First - companies are in business to make a profit. Big or small, that is what companies do. If they don't make a profit, they go out of business.

How to make a profit = Sales - expenses must be positive. If not, you are loosing money. If your expenses (wages you must pay your employees goes up), you *must* raise your prices or somehow become more efficient so you can make your product at a lower cost to offset the expense increase due to wages. So, raise prices, sell a cheaper product, eliminate workers, or find some way to reduce your production costs greatly (which you've probably already done because we have a market driven economy and if you have competitors, you've probably already been working on that).

 

My understanding was that minimum wage jobs were originally meant for beginning workers with the expectation they would go on to better jobs. 

 

My experience --- if you raise minimum wage,  then the next lower section of wage earners will need their salaries raised too, and on up the ladder we go.
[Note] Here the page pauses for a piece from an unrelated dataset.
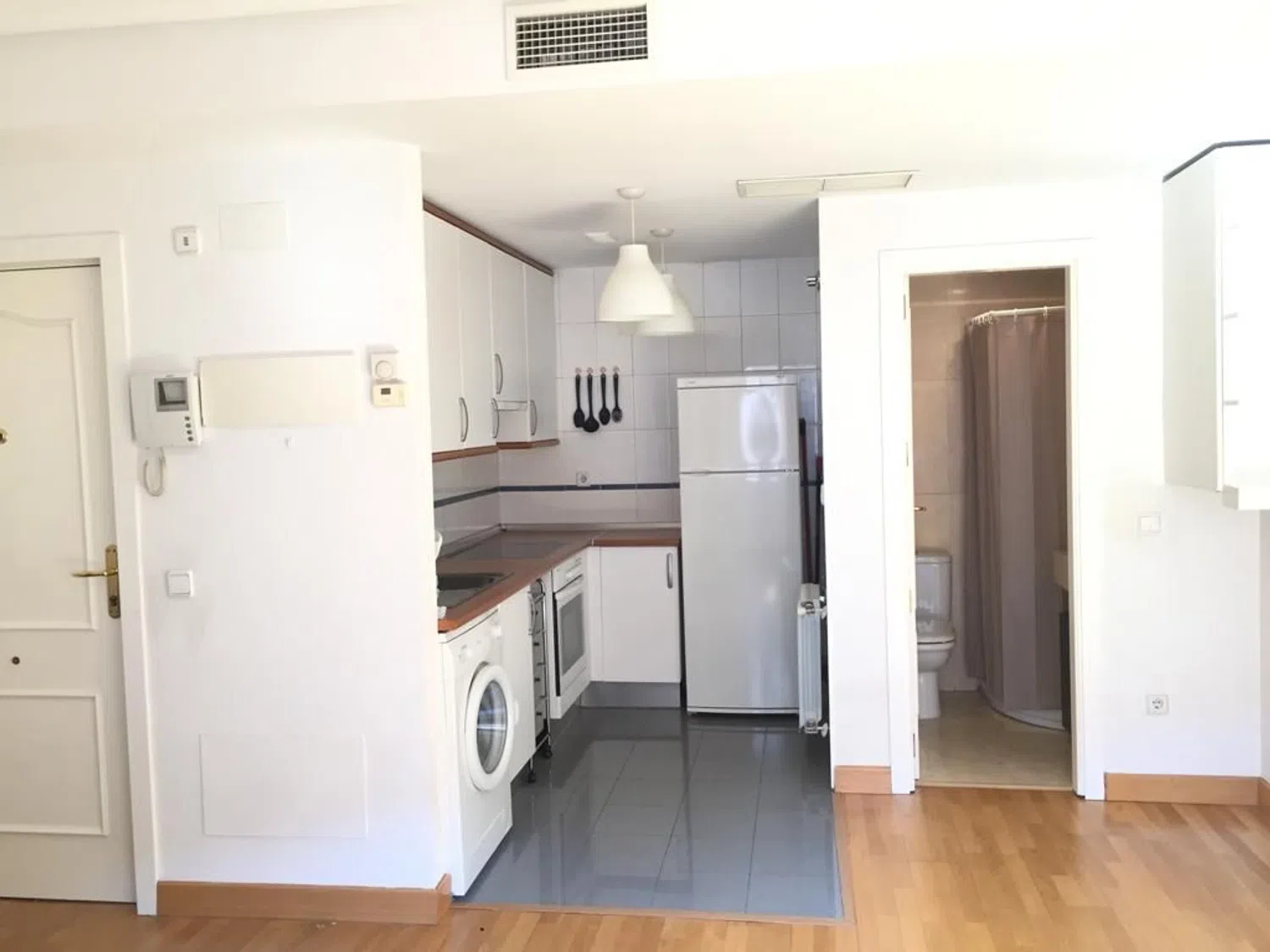 Piso en calle de Ercilla, 41 - Foto 4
Because I've seen this with a major company I worked for. And if you are raising all those wages, again the business needs to make money, so they will have to raise their prices. It may be slow, but it will happen. 

 

This seems like an odd argument for me - as if workers are not an expense that has a cost to maintain and can just be pushed down to make the bottom line better.

 

If your raw material costs X$ to produce, you have to pay it to get that material.  And, yes, your price will have to reflect that.  But people would think it silly to say "we need to pay less for those materials, even though they still cost the same to produce, just so we can keep the price down.  So we want the price kept down somehow artificially, or government to subsidize the companies that make it.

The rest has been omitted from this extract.